Curious about me, he asked if I was a Muslim. I explained that I am a Christian. This surprised him on two counts.
I’m a Sindhi (and he knew that as it came out during the conversation). Sindhis are generally Hindu and extremely rare is a Sindhi Christian.
Secondly, he was surprised that a Christian brother would accompany his Muslim brother on such a task as this.
I told him that I take it as an honour and a sacred privilege that my Muslim friend would ask a Christian brother to help him find his brother in a Muslim cemetery.
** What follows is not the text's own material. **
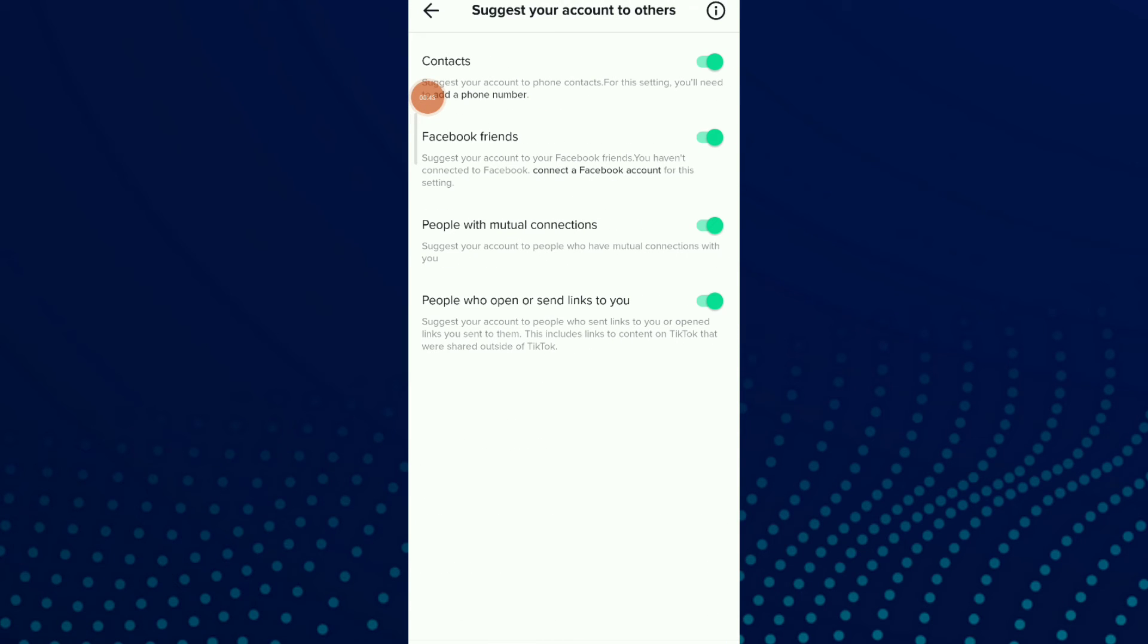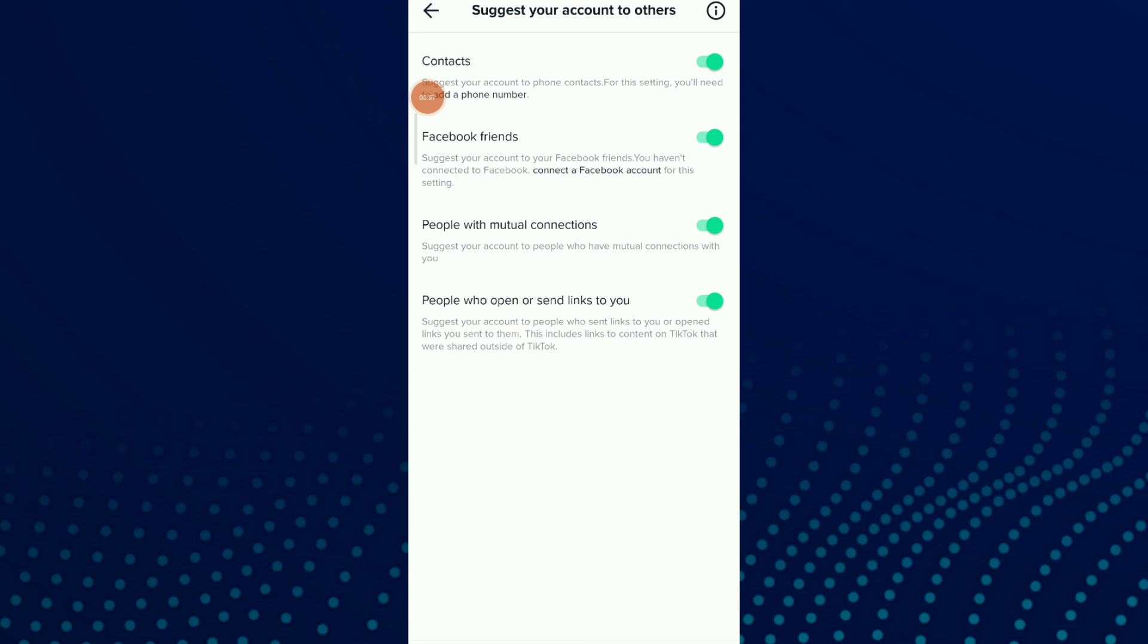Now you have the last option, 'People who open or send links to you.' You can now turn on this option to suggest your account to people who send links to you or opened links you send.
Let me digress for a moment. There is a lot of talk during this period about Lee Kuan Yew’s accomplishment. The economic success, the glistening bay front area, the international reputation, and many other visible signs of success. But, I stopped and asked myself, “Which other country could see a Christian Sindhi, accompany a Malay Muslim helped by an Indian Muslim (converted from Christianity) to find his brother in an old Muslim Cemetery?” Along with the glitz, this is the stuff that makes Singapore special and would make LKY proud.
Couldn’t resist a wefie with the caretaker who was very game © Danesh Daryanani
OK, back to the main story.
The Indian caretaker took us around the cemetery explaining who was buried at which plot, the rough burial date of each section, what an infant’s grave looked like and through rambling with him, we finally came to a landing on the area (about 3 square metres), where F’s brother was buried.
Having identified the area where his brother lay, F asked me if he could have five minutes to pray for his brother. I said, “Of course. Take as much time as you need.”
I stepped aside, some distance away but close enough to see him.
What I saw was touching. He took out a small book which contained an excerpt of the verses from the Koran that is used for funerals. He was conducting the last rites for his brother. Here, the two first-born boys were united. This was closure.
A touching sight. My friend F, praying from the Koran for his brother © Danesh Daryanani
I watched from a respectable distance until he was finished.
We thanked the caretaker and promised to come back with kopi and curry-puffs to thank him and to shoot the breeze in the cemetery.
I took F home. He thanked me for accompanying him. I thanked him for the honour.
Two men. Different religions. Sure, we may not agree on everything. But there was kinship, there was respect and there was love.
Let love be without hypocrisy. Abhor what is evil; cling to what is good. Be devoted to one another in brotherly love; give preference to one another in honour; not lagging behind in diligence, fervent in spirit, serving the Lord; rejoicing in hope, persevering in tribulation, devoted to prayer, contributing to the needs of the saints, practicing hospitality.